Inoltre la proprietà delle maggiori imprese industriali (compreso il turismo) non è in mano dei sardi, i quali hanno la cattiva abitudine di pensare a intraprendere un’attività economica solo se garantiti da incentivi regionali a fondo perduto. Certo nell’isola esiste il costo maggiore dei  trasporti e dell’energia, ma resta il fatto che buona parte delle  risorse disponibili sono  indirizzate prioritariamente all’assistenza dei lavoratori  espulsi dalle fabbriche in crisi e per alleviare i disagi delle sacche di povertà e quindi non ci sono tutti  i fondi che sarebbero necessari per favorire gli interventi per la collocazione  e la crescita professionale dei giovani.
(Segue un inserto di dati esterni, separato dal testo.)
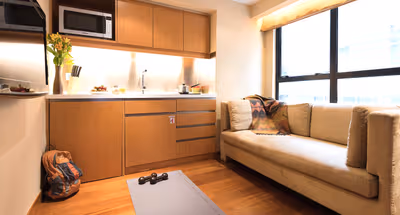 Nathan Road Serviced Apartments-II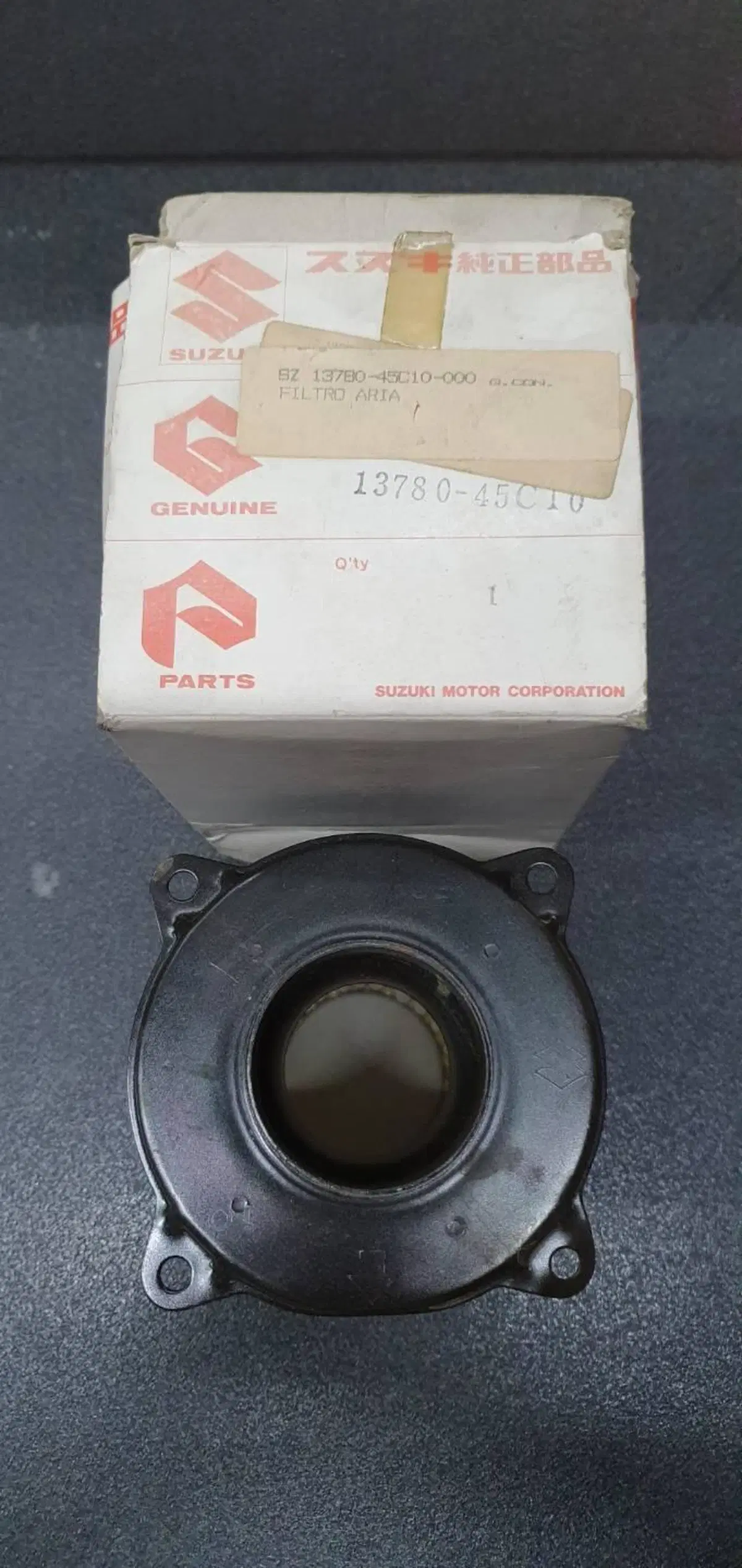 FILTRO ARIA SUZUKI PER VX 800 13780-45C10
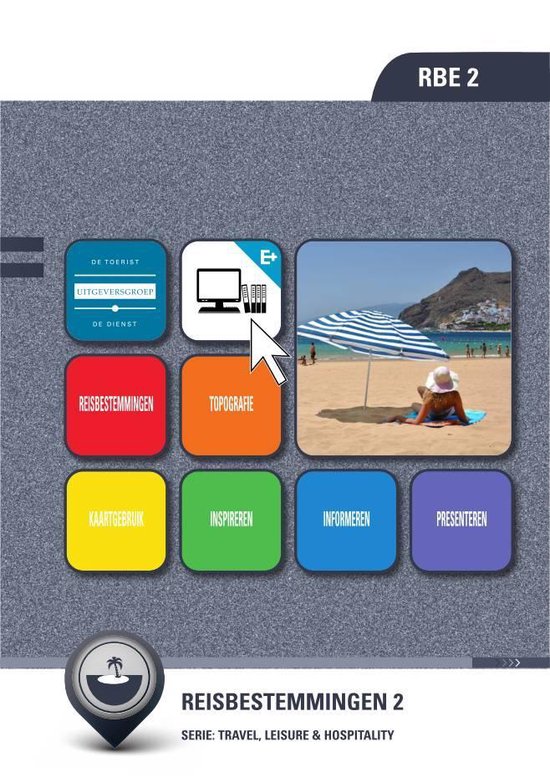 9789400216815 Reisbestemmingen 2 RBE 2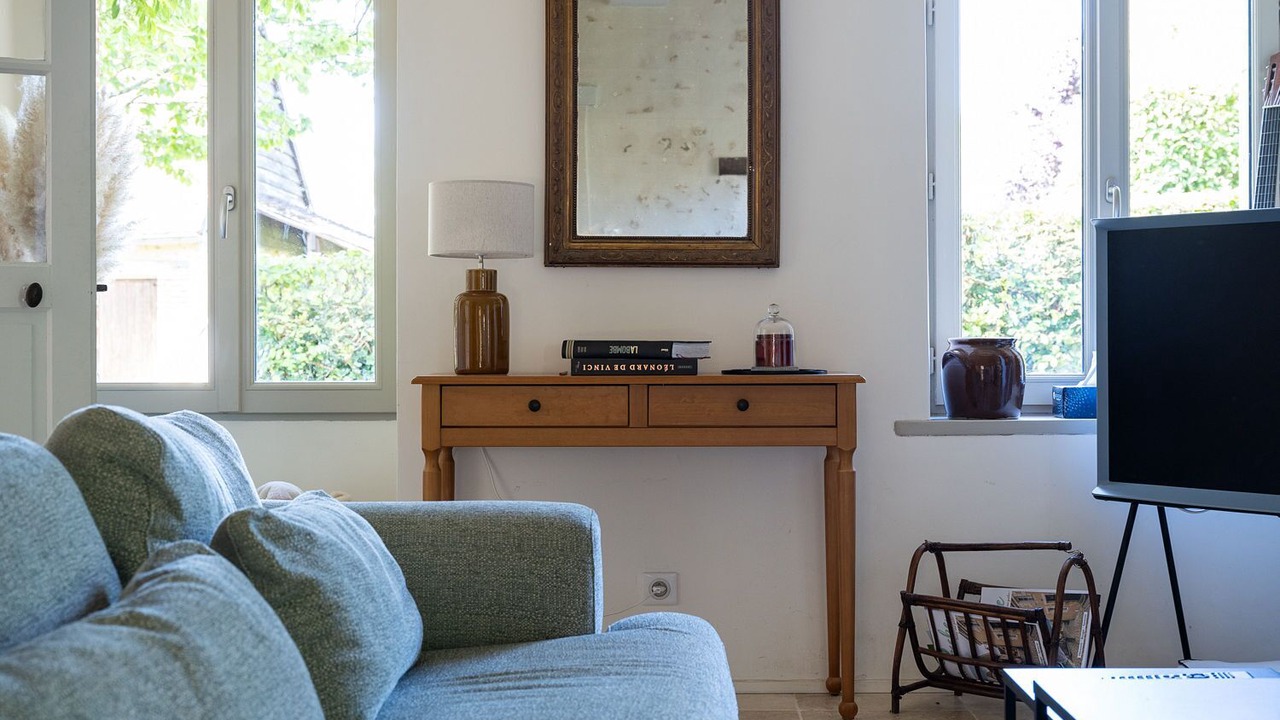 Photo of Livingroom in La Chapelle-Montligeon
Si tratta di puntare quindi  sulla risorsa immateriale rappresentata dalla conoscenza: contrastando la più alta dispersione scolastica rispetto alle altre regioni, in Sardegna bisogna mettere in campo le competenze che il mercato richiede nel settore del turismo, nella Green Economy, nella Information & Communication Technology.
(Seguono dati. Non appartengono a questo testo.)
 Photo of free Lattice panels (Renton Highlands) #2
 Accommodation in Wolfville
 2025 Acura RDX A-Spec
Giacomo Mameli, giornalista, è specializzato nel raccontare le eccellenze della “Sardegna delle eccezioni” (è il titolo del suo ultimo libro). La Sardegna non investe in cultura e soprattutto non ama la cultura del lavoro.  Attingendo alle numerose storie “eccezionali”  da lui presentate nei suoi libri Mameli  ha voluto indicare una via ai giovani per avere successo professionale. In Sardegna la massa dei giovani non si schioda dal bar; bisogna fare come coloro che si rimboccano le maniche, che una volta raggiunta la laurea inviano il loro curriculum a società, istituzioni straniere senza complessi di inferiorità. Certo all’estero i curricula li leggono e sono capaci di affidare un incarico di alta responsabilità, se il soggetto lo merita, dopo solo due giorni dal ricevimento del curriculum (cosa impossibile in Italia)
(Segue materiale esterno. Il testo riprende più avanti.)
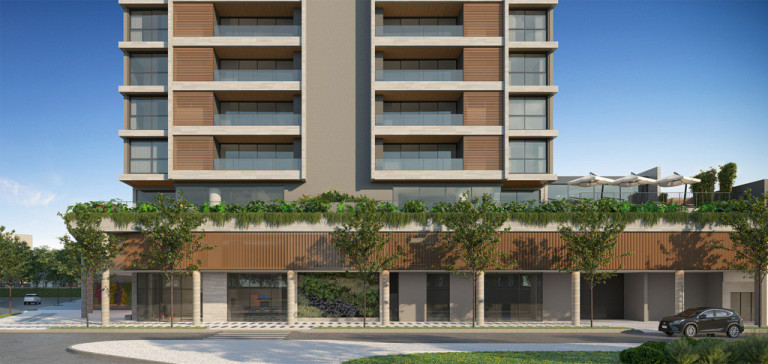 Imagem Apartamento com 3 Quartos à Venda, 164 m² em Champagnat - Curitiba
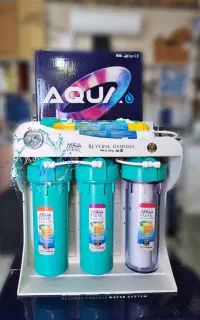 تعمیرات تخصیصی،تصفیه آب،آب شیرین کن و نصب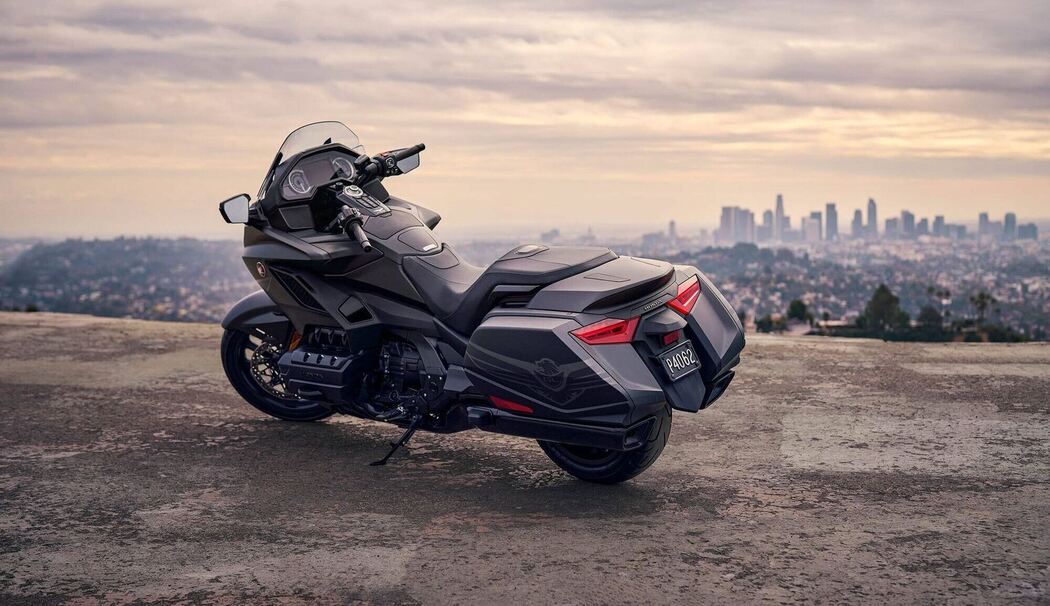 Honda GL1800 Gold Wing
Mameli ha evidenziato il grande successo delle donne che si sono impegnate in Sardegna e all’estero in lavori creativi, senza risparmi di fatica. Mameli ha concluso indicando una strada ben precisa: le eccezioni devono diventare regole. I giovani devono avere coraggio di sperimentare strade nuove, sottraendosi alla “dittatura delle mediocrità” che sembra dominare nella nostra isola.

Don Pietro Borrotzu, responsabile della Pastorale del Lavoro per La Sardegna, ha citato le tesi espresse da Bachisio Bandinu nel suo libro di alcuni anni fa “Lettera  a un giovane sardo” (1996). Il giovane sardo deve giostrarsi in una duplice appartenenza tra il globale e il locale. Oggi si producono solo oggetti-merce e non oggetti-segno: questi ultimi sono i soli che rimandano a una cultura non schiava dei consumi imposti dalla situazione e dalla prospettiva del non lavoro: alcool, droghe.

Ha ragione Franco Manca nel dire che gli interventi per attenuare la povertà rischiano di essere orientati all’assistenzialismo fine a sé stesso, è anche vero però che la povertà in Sardegna non è una condizione astratta. E lo dimostra il  grande numero delle famiglie che hanno chiesto di avere accesso al programma di solidarietà attivato dalla Regione Sardegna.

Don Borrotzu ha quindi illustrato i principi del movimento che prende il nome dalla “Carta di Zuri”, il cui obiettivo è quello di fare la guerra alla povertà e di favorire in tutti i modi l’inclusione sociale, cercando quindi innanzitutto di contrastare la disoccupazione giovanile.

All’incontro ha portato il saluto l’assessore regionale al lavoro Antonello Liori. Il suo messaggio è stato letto dal suo addetto stampa, Fabio Meloni.

Ha scritto Liori:  “I giovani rappresentano la continuità ed il futuro dell’organizzazione dell’emigrazione sarda nel mondo. È perciò fondamentale  agevolare la partecipazione ed il coinvolgimento delle giovani generazioni, realizzando gradualmente una staffetta generazionale con chi ha avuto il grande merito di aver creato una fitta rete di associazioni e di attività, in tutto il mondo. Intendiamo per giovani – precisa Liori – sia le nuove leve di emigrati, sia i tanti sardi di seconda e terza generazione che sentono ancora forte il legame con l’Isola. Cercherò di farlo realizzando iniziative, idee e progetti che possano interessare i giovani, sia nel campo della cultura e del sociale che della formazione”.